* WHAT IS EXPECTED:
An exact copy of every record, without the pictures, is what should come back.

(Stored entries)
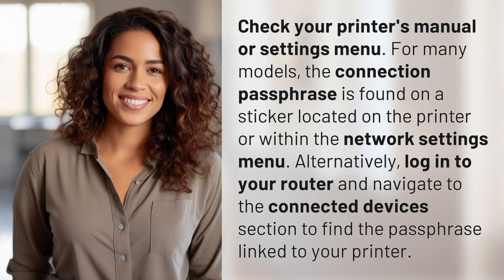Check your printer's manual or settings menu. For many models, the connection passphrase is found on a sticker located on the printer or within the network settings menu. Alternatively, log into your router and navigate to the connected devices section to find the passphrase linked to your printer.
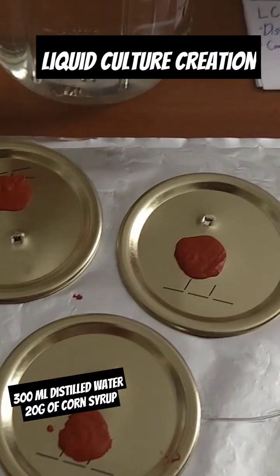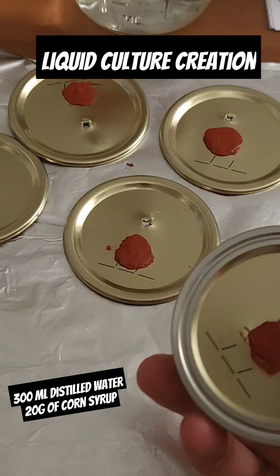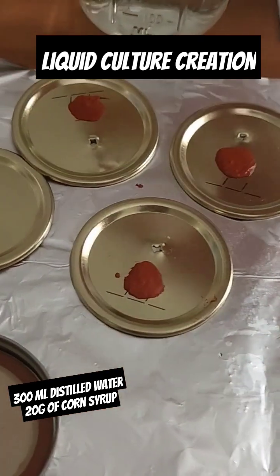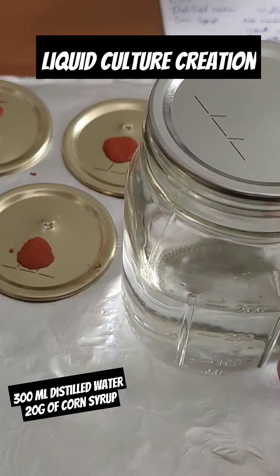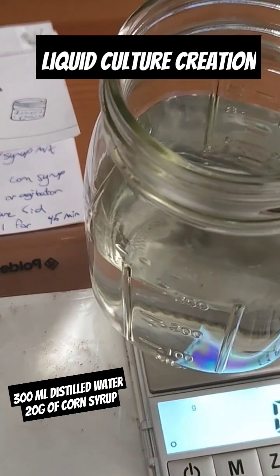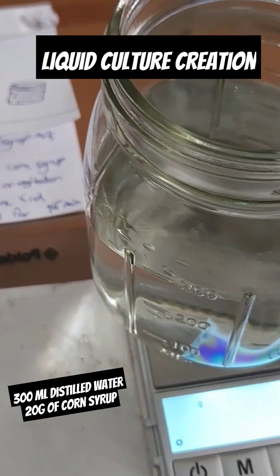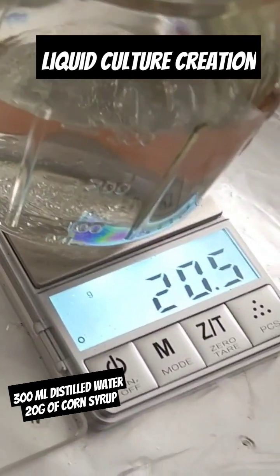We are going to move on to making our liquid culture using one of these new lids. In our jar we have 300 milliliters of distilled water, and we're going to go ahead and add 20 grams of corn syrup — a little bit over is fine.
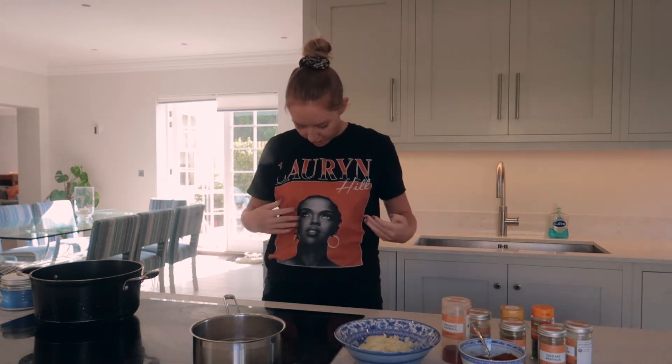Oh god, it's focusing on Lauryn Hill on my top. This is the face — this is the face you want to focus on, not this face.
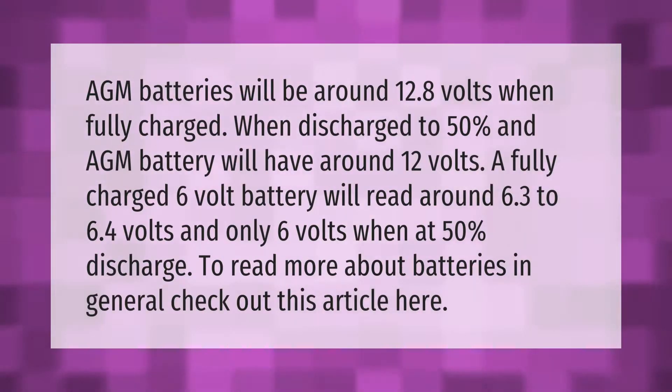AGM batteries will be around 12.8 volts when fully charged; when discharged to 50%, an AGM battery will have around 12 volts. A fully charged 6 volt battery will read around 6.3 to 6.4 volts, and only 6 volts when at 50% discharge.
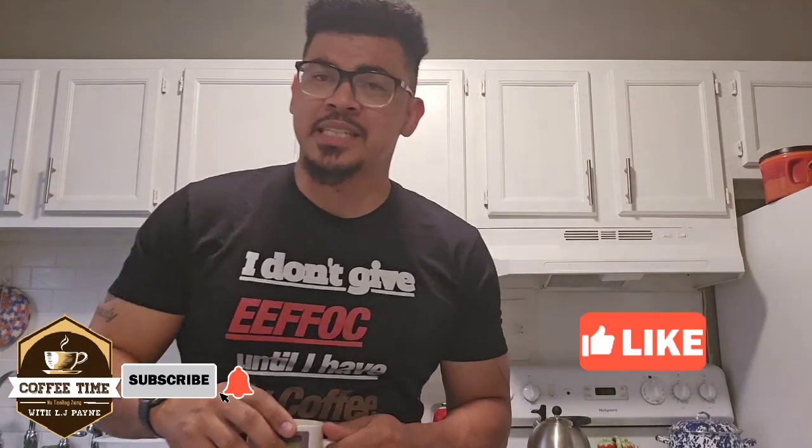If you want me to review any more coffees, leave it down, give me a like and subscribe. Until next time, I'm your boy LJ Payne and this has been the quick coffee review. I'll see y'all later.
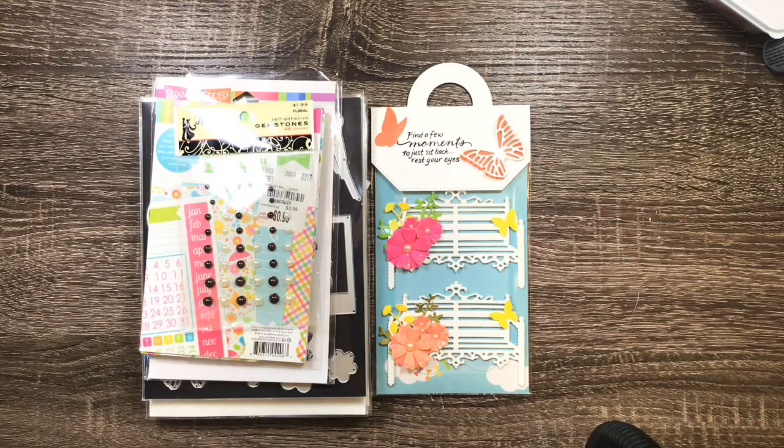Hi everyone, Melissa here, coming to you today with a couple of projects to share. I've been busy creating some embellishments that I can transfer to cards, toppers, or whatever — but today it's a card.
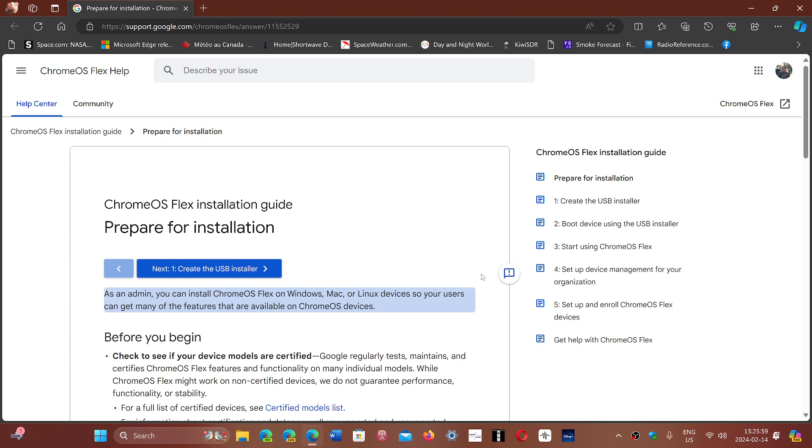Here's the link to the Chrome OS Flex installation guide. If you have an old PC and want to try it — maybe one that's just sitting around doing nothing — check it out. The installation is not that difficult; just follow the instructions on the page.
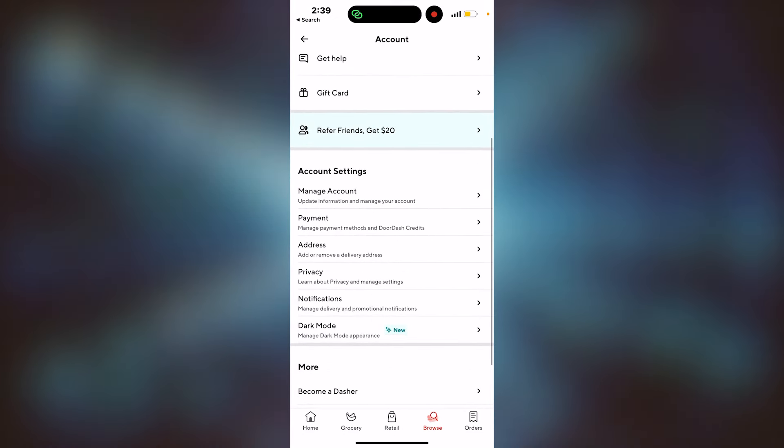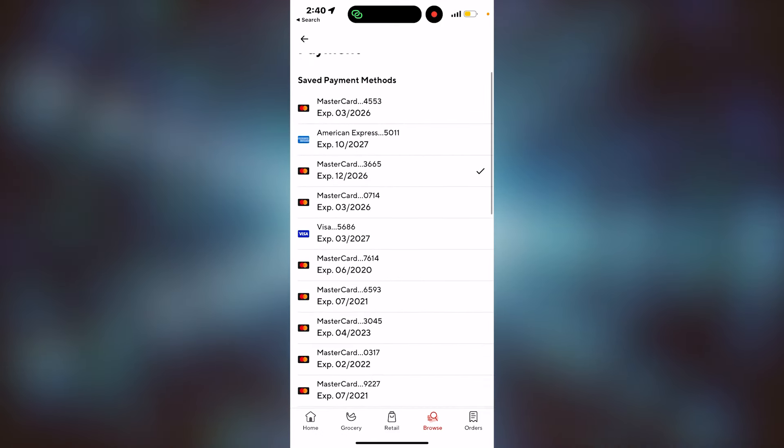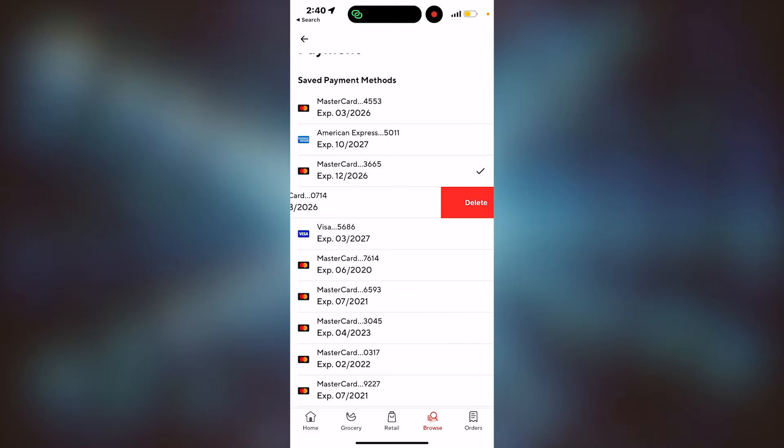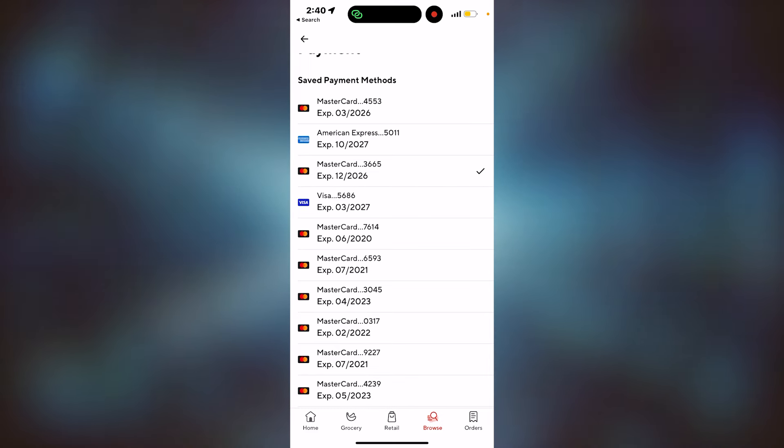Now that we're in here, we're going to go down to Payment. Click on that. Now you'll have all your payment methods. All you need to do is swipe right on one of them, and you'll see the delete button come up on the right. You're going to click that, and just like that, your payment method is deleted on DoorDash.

* RESPONSE TO THIS EXERCISE:
Check your printer's manual or settings menu. For many models, the connection passphrase is found on a sticker located on the printer or within the network settings menu. Alternatively, log into your router and navigate to the connected devices section to find the passphrase linked to your printer.
We are going to move on to making our liquid culture using one of these new lids. In our jar we have 300 milliliters of distilled water, and we're going to go ahead and add 20 grams of corn syrup — a little bit over is fine.
Oh god, it's focusing on Lauryn Hill on my top. This is the face — this is the face you want to focus on, not this face.
AGM batteries will be around 12.8 volts when fully charged; when discharged to 50%, an AGM battery will have around 12 volts. A fully charged 6 volt battery will read around 6.3 to 6.4 volts, and only 6 volts when at 50% discharge.
If you want me to review any more coffees, leave it down, give me a like and subscribe. Until next time, I'm your boy LJ Payne and this has been the quick coffee review. I'll see y'all later.
Hi everyone, Melissa here, coming to you today with a couple of projects to share. I've been busy creating some embellishments that I can transfer to cards, toppers, or whatever — but today it's a card.
Here's the link to the Chrome OS Flex installation guide. If you have an old PC and want to try it — maybe one that's just sitting around doing nothing — check it out. The installation is not that difficult; just follow the instructions on the page.
Now that we're in here, we're going to go down to Payment. Click on that. Now you'll have all your payment methods. All you need to do is swipe right on one of them, and you'll see the delete button come up on the right. You're going to click that, and just like that, your payment method is deleted on DoorDash.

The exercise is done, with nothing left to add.